Scraped caption text data:
┄┄┄┄┄┄┄┄┄┄┄┄┄┄┄┄┄┄┄┄
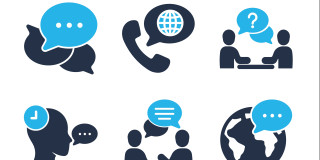 Sechs blaue Symbole zur Kommunikation: Sprechblasen, Telefon, Gesprächspartner und Weltkugel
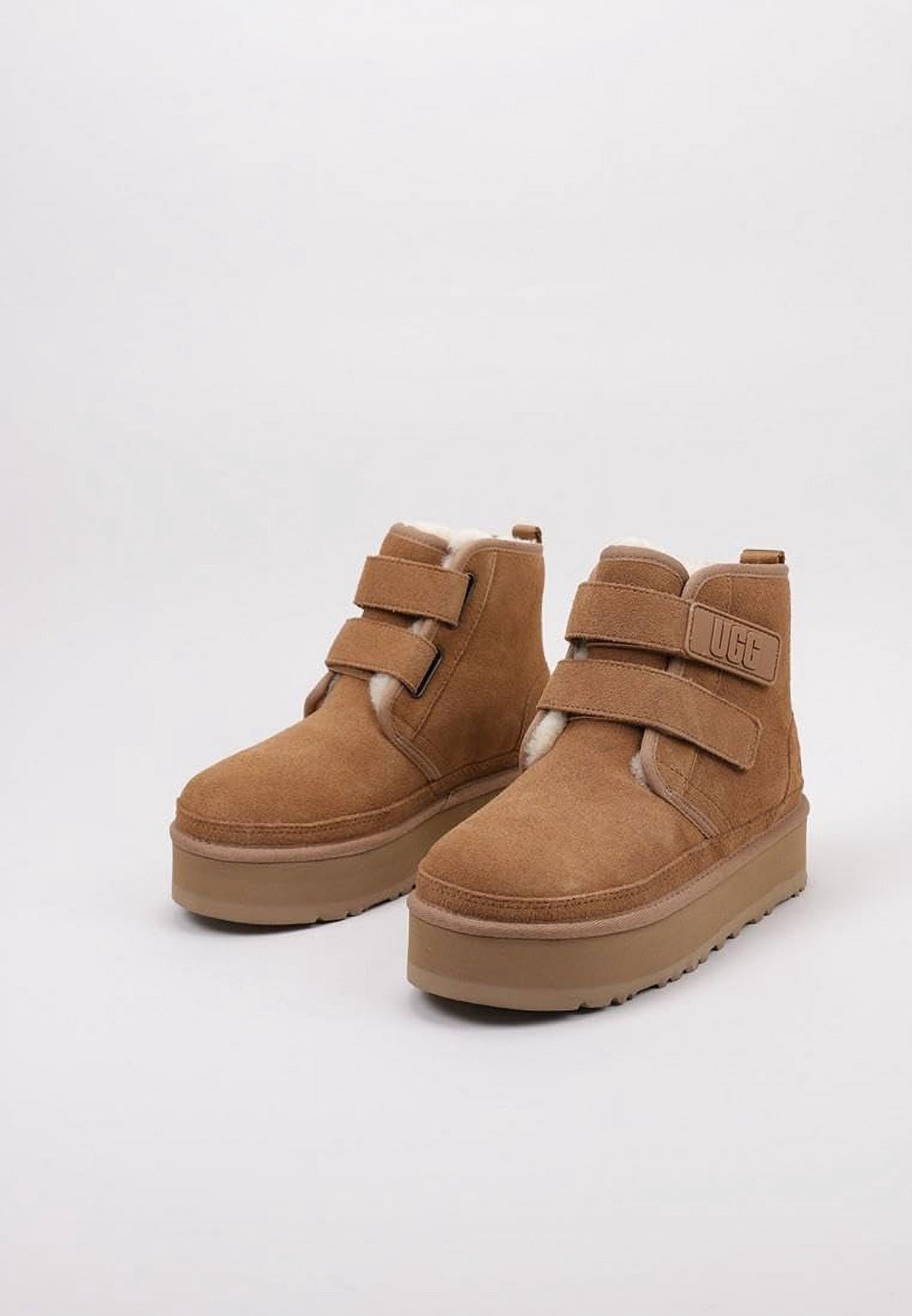 Big and Little Kid's UGG Neumel Platform Chukka Chestnut (1130776K-CHE) - 6
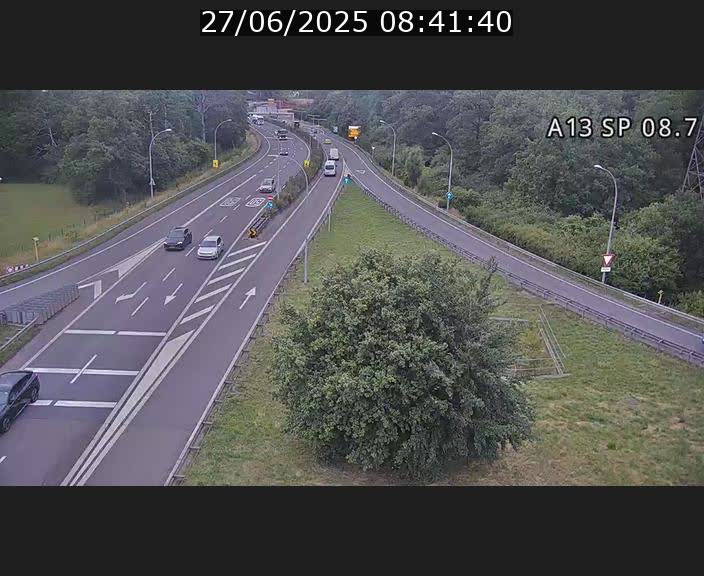 Traffic live webcam Luxembourg Jonction Lankelz - A13 direction Pétange - BK 8.7 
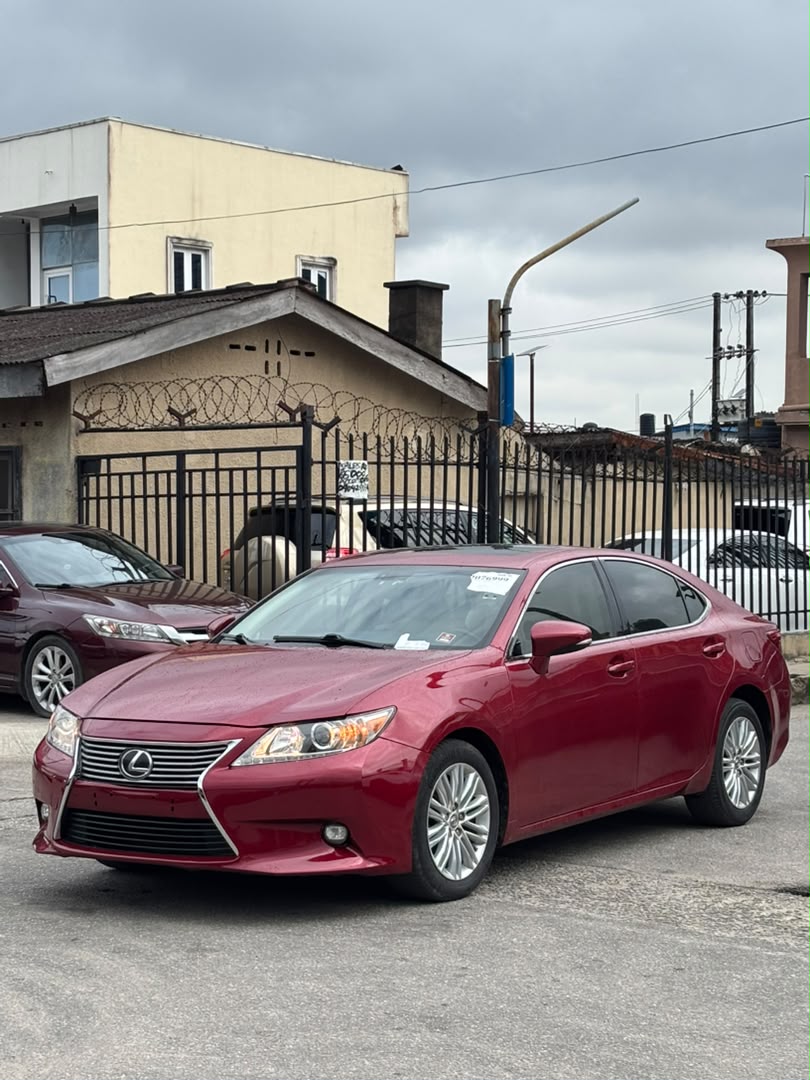 Lexus ES 350 Red Sedan
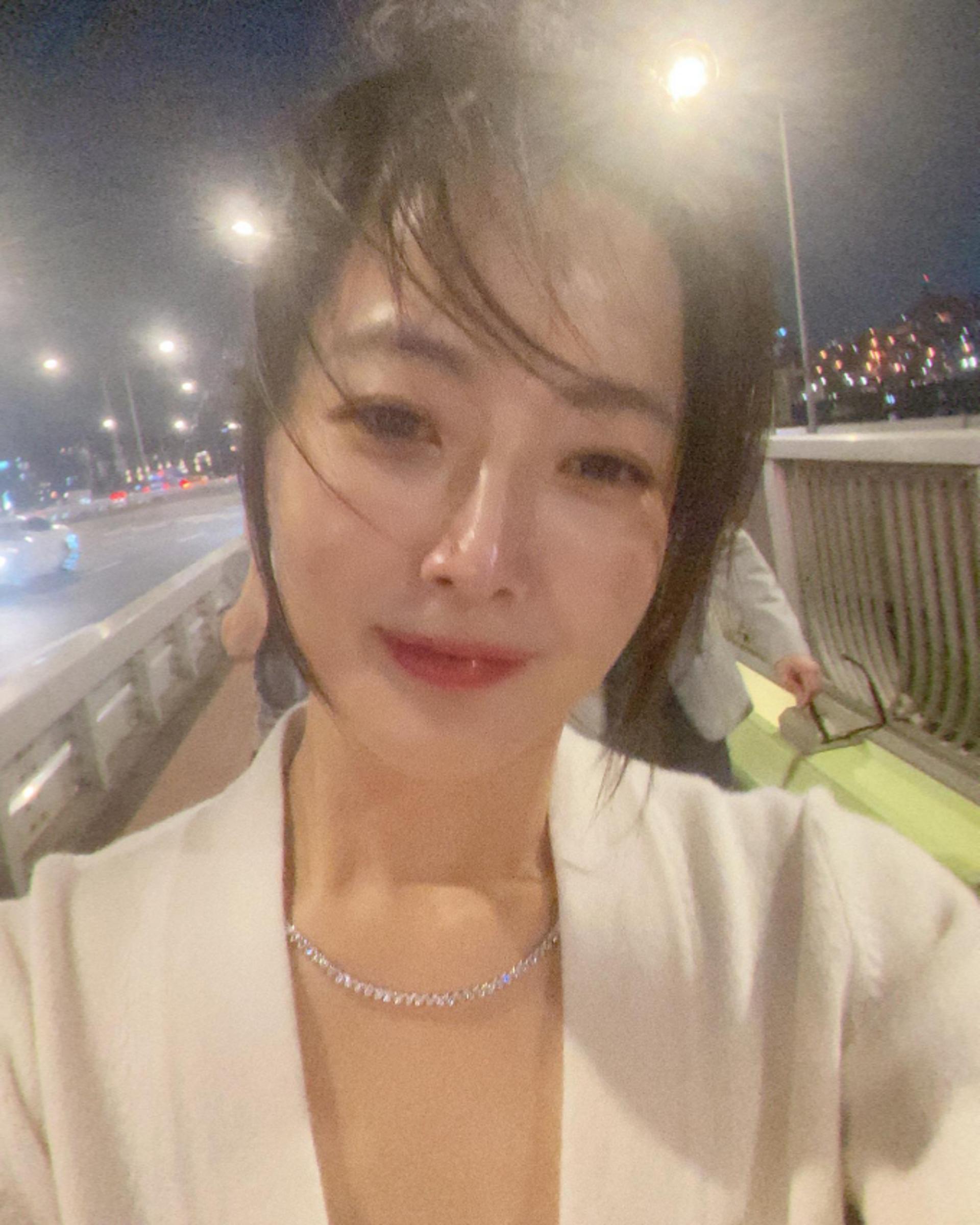 김희선, 밤 산책 중 셀카…어둠 속 빛나는 광채피부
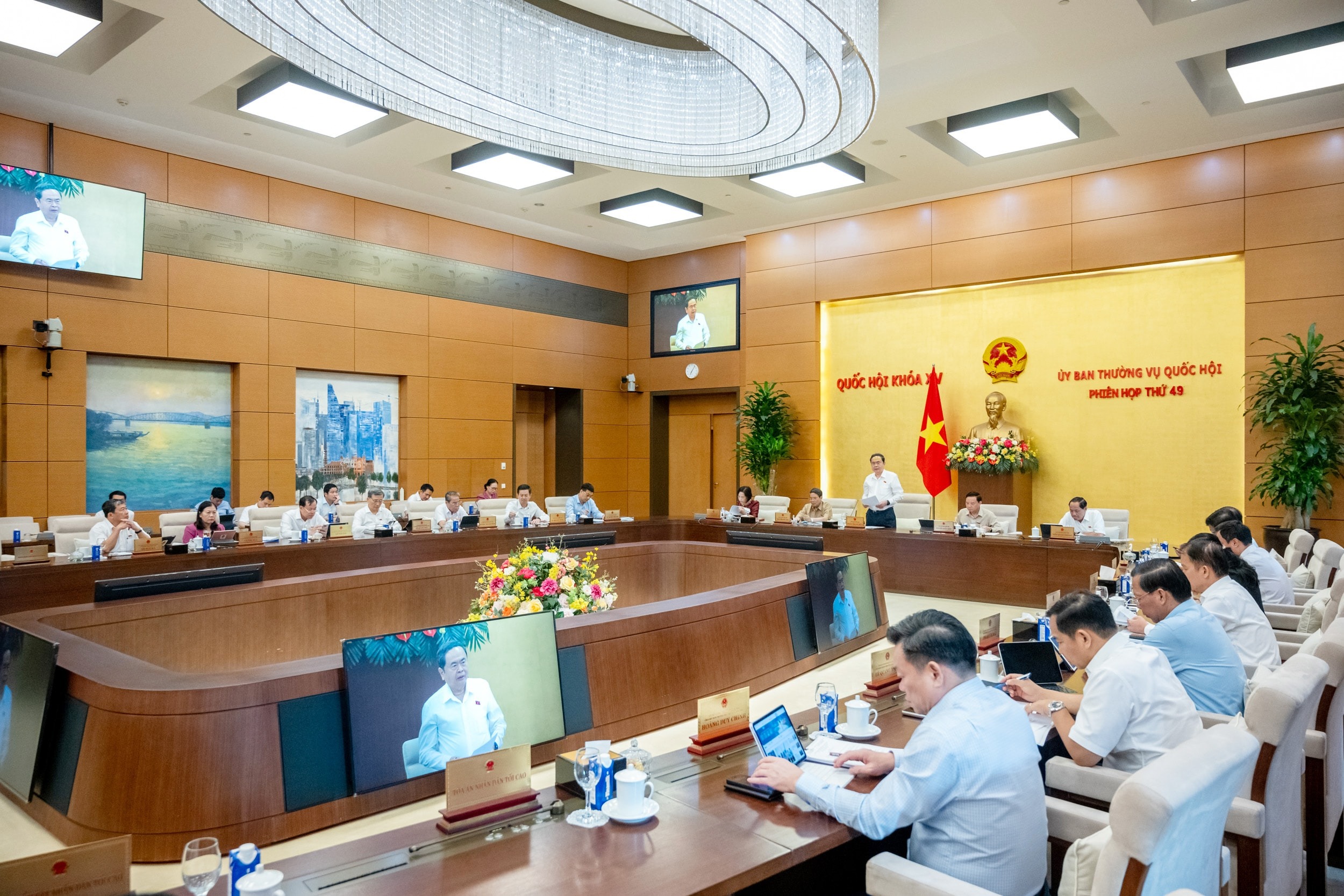Khai mạc Phiên họp thứ 49 của Ủy ban Thường vụ Quốc hội- Ảnh 2.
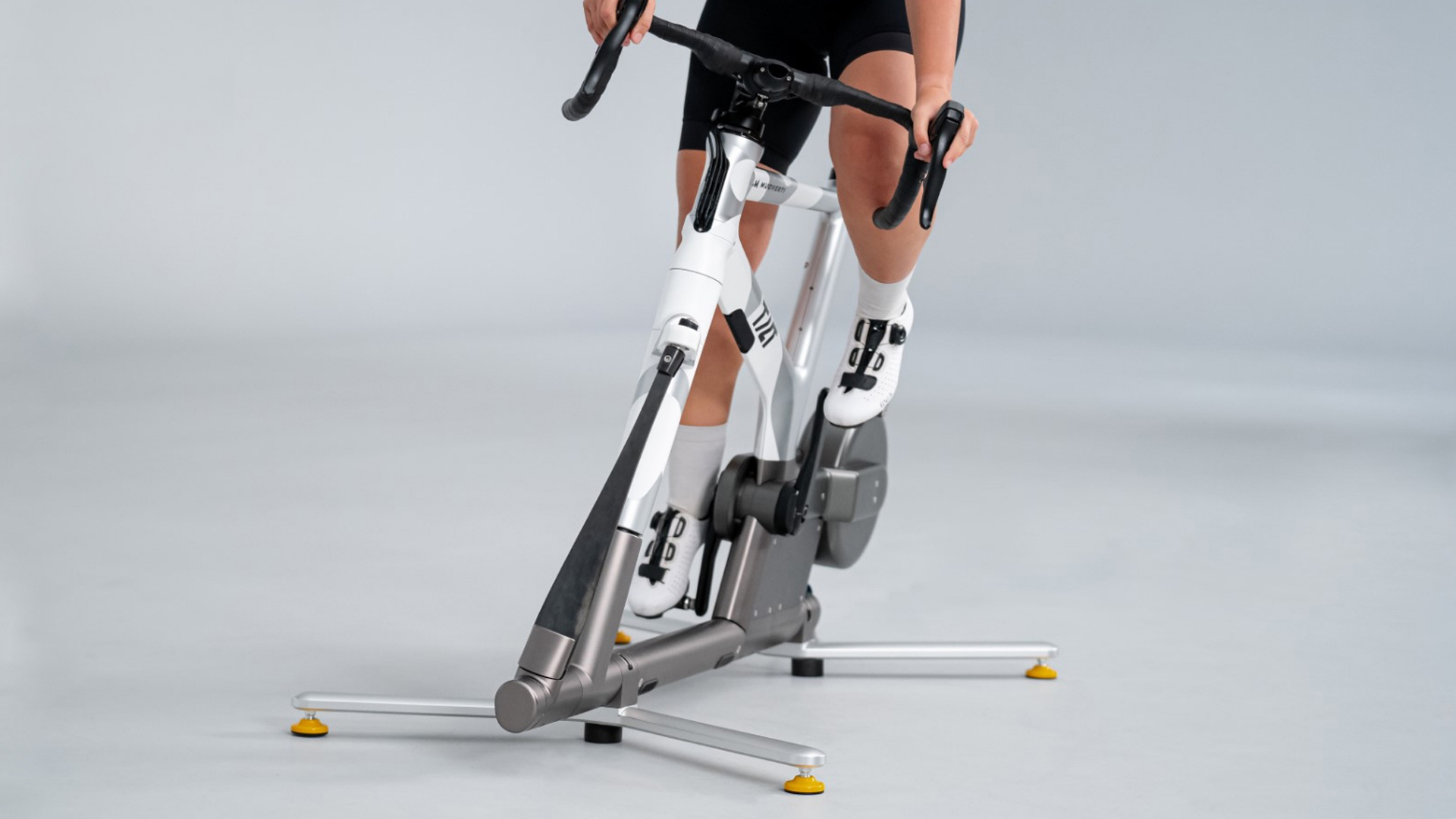 Muoverti’s pioneering Tiltbike delivers next-generation indoor cycling | Signs £500K investment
┄┄┄┄┄┄┄┄┄┄┄┄┄┄┄┄┄┄┄┄
### Work order
Every entry belongs in the answer exactly as written, but no picture does.

### Problem solution
 Sechs blaue Symbole zur Kommunikation: Sprechblasen, Telefon, Gesprächspartner und Weltkugel
 Big and Little Kid's UGG Neumel Platform Chukka Chestnut (1130776K-CHE) - 6
 Traffic live webcam Luxembourg Jonction Lankelz - A13 direction Pétange - BK 8.7 
 Lexus ES 350 Red Sedan
 김희선, 밤 산책 중 셀카…어둠 속 빛나는 광채피부
Khai mạc Phiên họp thứ 49 của Ủy ban Thường vụ Quốc hội- Ảnh 2.
 Muoverti’s pioneering Tiltbike delivers next-generation indoor cycling | Signs £500K investment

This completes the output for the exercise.